Leia mais: Empresa beneficiada por privatizações da Petrobras quer contratar ex-presidente da estatal
Buzanelli ressaltou que o novo conselho de administração da Petrobras tem membros com mandato até 2023. Isso significa que, mesmo em uma eventual mudança de governo, os investidores ainda vão manter representatividade e criar entraves para que a estatal adote uma gestão diferente da atual.
Na última assembleia de acionistas, inclusive, seria votada uma mudança no estatuto da Petrobras para reduzir a possibilidade do governo intervir na empresa. A proposta tinha apoio dos investidores, mas acabou saindo da pauta a pedido do governo.
Segundo fontes ouvidas pelo Brasil de Fato, o governo solicitou a retirada da proposta da pauta por ora, mas não é contrário a ela. Para eles, Bolsonaro quer “blindar” a Petrobras para caso perca as eleições –o ex-presidente Luiz Inácio Lula da Silva lidera todas as pesquisas.
:: Refinaria privatizada aumenta mais os preços de gasolina e diesel ::
A Federação Única dos Petroleiros (FUP) e a Associação Nacional dos Petroleiros Acionistas Minoritários da Petrobras (Anapetro) se manifestaram contra a proposta.

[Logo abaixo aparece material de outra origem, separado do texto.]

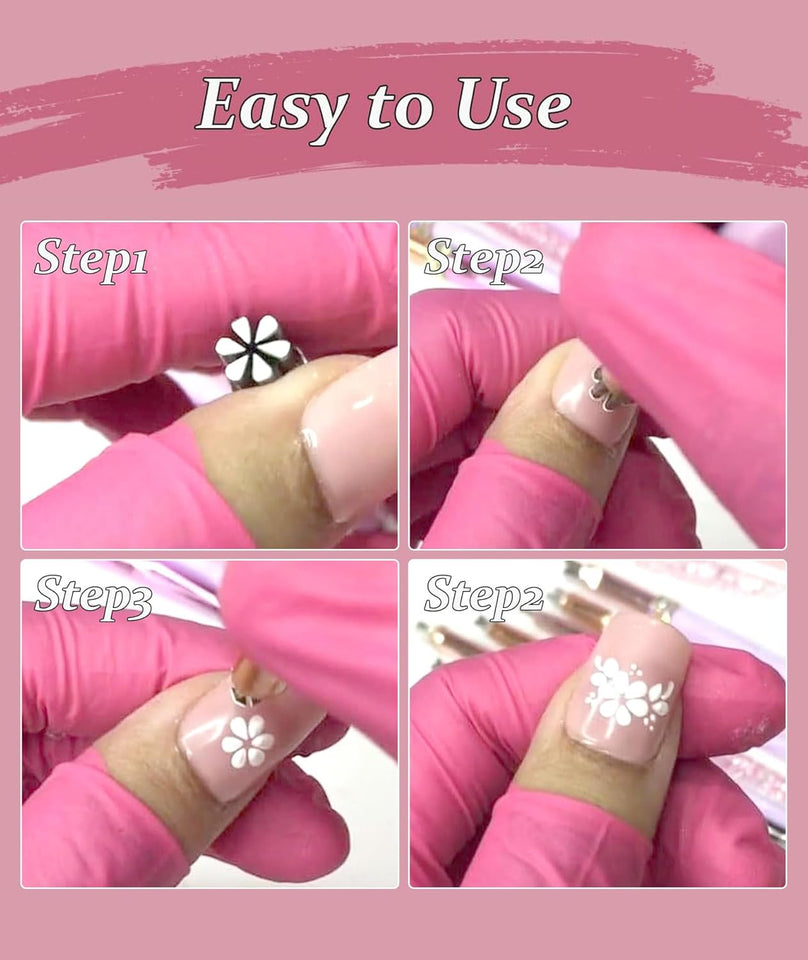Nail Art Stamp Pen Pack of 4 with different design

“Somos contrários às alterações estatutárias pois elas retiram o poder do acionista controlador, que é o Estado brasileiro, e este tem como dever constitucional atender o interesse público e não os interesses do acionista especulativo”, disse Mario Dal Zot, presidente da Anapetro.
“A mudança estatutária colocaria a Petrobrás sob o crivo e controle absoluto de seus acionistas privados, diminuindo sua capacidade de responder aos chamados da União”, acrescentou Deyvid Bacelar, coordenador-geral da FUP.